══ GIVEN DATA

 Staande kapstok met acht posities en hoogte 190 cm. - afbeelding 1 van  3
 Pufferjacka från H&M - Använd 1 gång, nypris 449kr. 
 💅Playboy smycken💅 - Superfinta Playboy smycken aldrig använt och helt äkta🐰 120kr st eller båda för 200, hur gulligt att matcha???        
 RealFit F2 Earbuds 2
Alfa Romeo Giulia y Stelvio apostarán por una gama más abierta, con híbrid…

════
══ GIVEN DATA

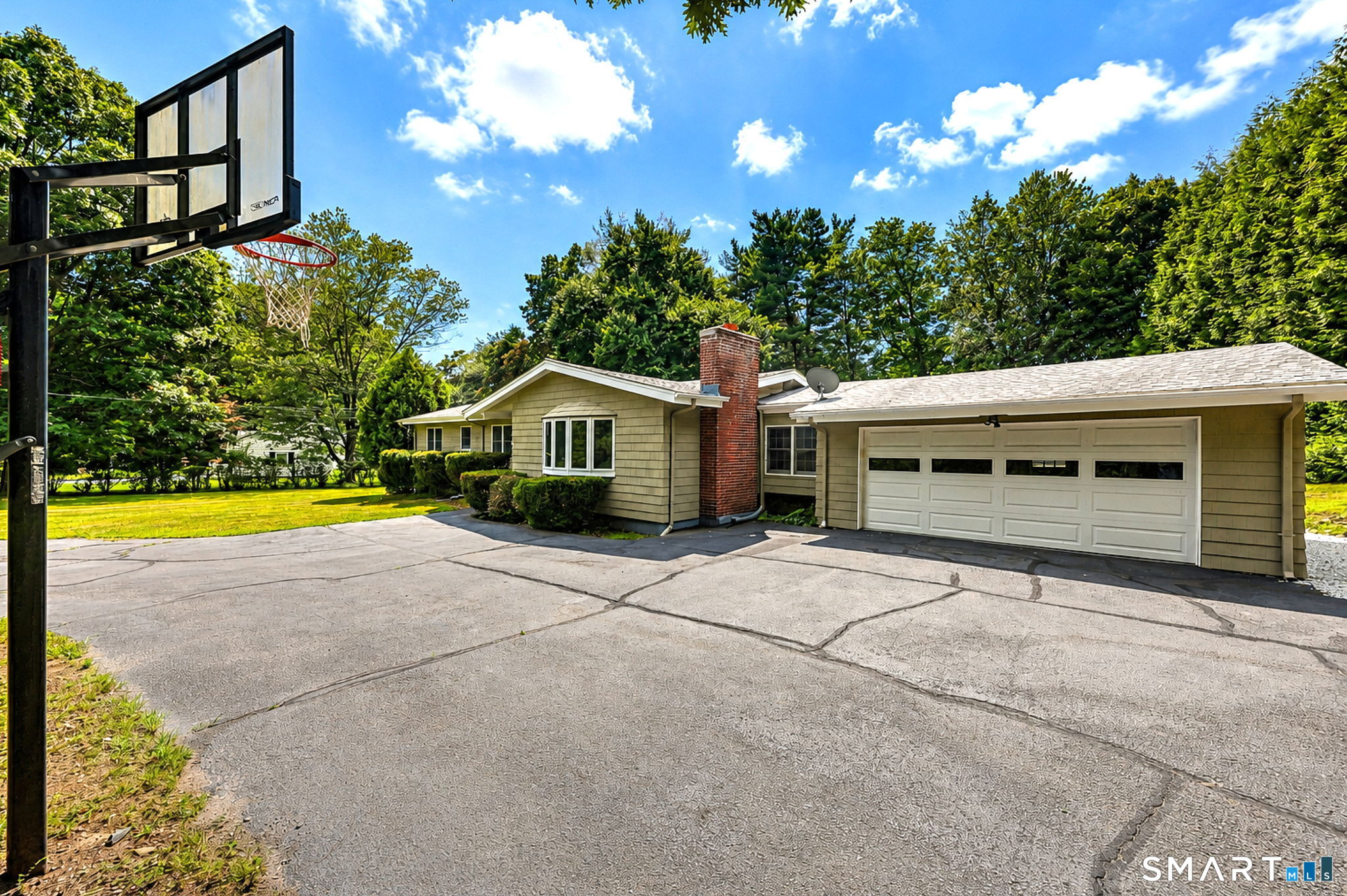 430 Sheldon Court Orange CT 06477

════

*TASK DETAILS*
Retype word for word everything in the listing above from the line that holds "gulligt att matcha???" down to the line that holds "Alfa Romeo Giulia". Keep both end lines and leave out the rest.

*RESULT OF THIS EXERCISE*
 💅Playboy smycken💅 - Superfinta Playboy smycken aldrig använt och helt äkta🐰 120kr st eller båda för 200, hur gulligt att matcha???        
 RealFit F2 Earbuds 2
Alfa Romeo Giulia y Stelvio apostarán por una gama más abierta, con híbrid…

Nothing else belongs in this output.